Russia and China were quick to react. Both have developed approaches to the current data revolution that strengthen their own national interests as they understand it. They have either reinforced, expanded, or altered the way their bureaucratic institutions function or interact with networks. The United States has found its civilian response defined and, in some ways, constrained by its principled commitments to the freedom of expression and the freedom of markets, which aided in the birth of the digital era. The US State Department would have been the institutional locus to coordinate the national response in this dueling frame. But the inherent tension to balance these fundamental values and the inability of the wider system to stay abreast or ahead of the pace of technological change and finally a change in political leadership now seem to limit the range of institutional response. Most of the current reactive capacity across the West lies with intelligence and military agencies, where, as a former Head of MI6, Jown Sawers, says, “The big data analyst has replaced James Bond,” while auxiliary agencies and bureaucracies struggle with the pace and reach of tech as if it were a giant game of whack-a-mole.[4]

As technological change races ahead, historian Niall Ferguson suggests that governments around the world have two distinct options: exclude and compete, or capitulate and regulate.[5] China and Russia have opted for different variants of the former, while the United States and Europe dabble with the latter.

Ferguson’s mentor, former US Secretary of State Henry Kissinger, takes this warning further with his reflections on how these different strategies and their institutional articulations might clash. He notes how the pervasiveness and interconnectedness of networks across critical sectors, including industrial, financial, and military has “revolutionized vulnerabilities. Outpacing most rules and regulations (and indeed the technical comprehension of many regulators), it has, in some respects created a state of nature […] the escape from which, according to Hobbes, provided the motivating force for creating a political order.” Worried about the lack of institutional creativity both domestically and internationally, Kissinger writes, “Asymmetry and a kind of congenital world disorder are built into relations between cyber powers both in diplomacy and in strategy […] absent articulation of some rules of international conduct, a crisis will arise from the inner dynamics of the system.”[6] One might argue that we are already teetering on that brink.

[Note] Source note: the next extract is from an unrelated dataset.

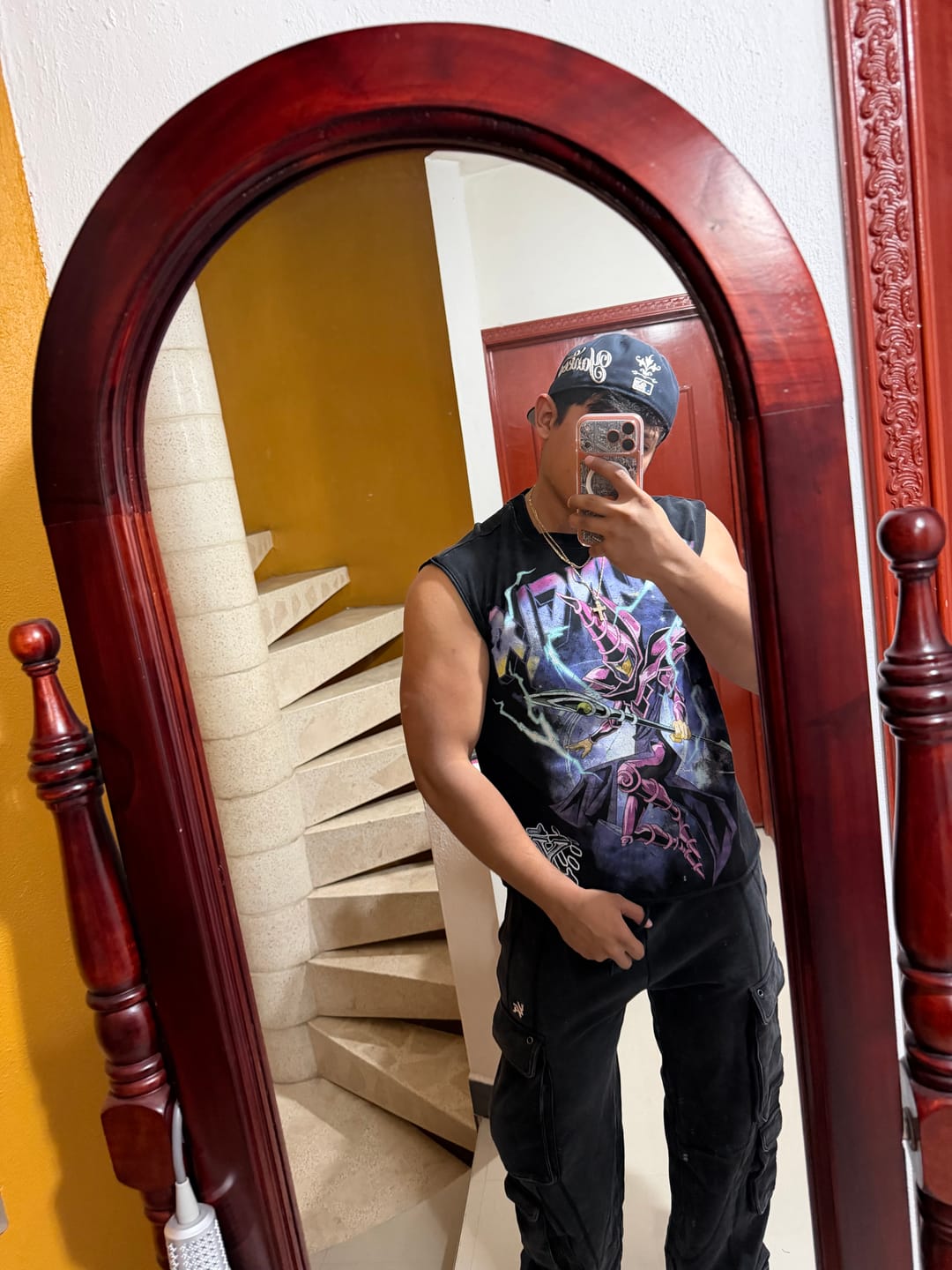 Customer photo review of 3033 - Yu-Gi-Oh!® Cut-Offs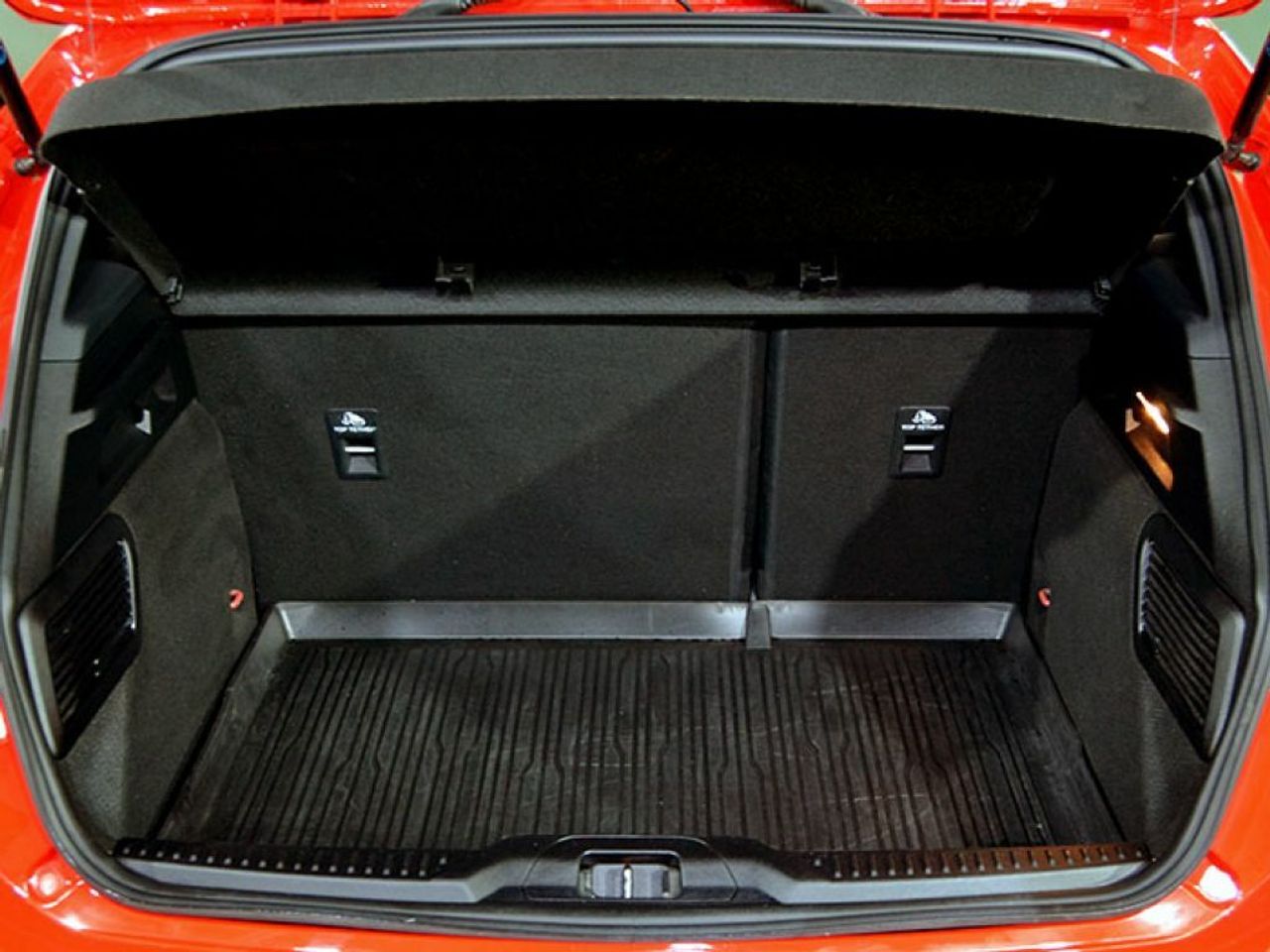 Foto Ford Focus 7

China: Cyber sovereignty for the national interest

China has made its approach to digital networks part of the reach and breadth of its statecraft, and has dedicated its bureaucracies to the task. Putting up the Great Firewall early, as an extension of already existing censorship, caused little concern within, and seemed rather unthreatening to the international community playing the long-game with China. Thus, in her now-fabled 2010 Internet-freedom speech, US Secretary of State Hillary Clinton still championed the idea that “governments shouldn’t prevent people from connecting to each other,” with implied certainty that Western technology, too, would inevitably open China to contact and with it to systems change.[7]

Fast forward only eight years, and the reality looks quite different: China, with the biggest internet market in the world, has led its companies to build a closed system (sold at home as cyber-sovereignty) that mimics—or in some cases is more technologically innovative than— Western competitors, while allowing statewide control over citizen behavior. Chinese companies are openly competing with American firms to shape global rules on privacy, fairness, and censorship. Selling the idea of social credit and facial-recognition tracking as devices to enhance convenience, rather than state control, was the next logical step. More than two million administrators are dedicated to the task of digital listening—to spot would-be dissidents, to control citizenry. And with the emphasis on interconnectedness and convenience, Chinese citizens are buying into the illusion of choice and free will, or—qua network effect—being forced in. As an extension of diplomacy, digital listening is not only limited to its own country’s citizens, as the embedding of Chinese IT systems in the new, Chinese-built African Union building revealed earlier this year. Here, Chinese servers were copying data to servers in Shanghai each night.[8]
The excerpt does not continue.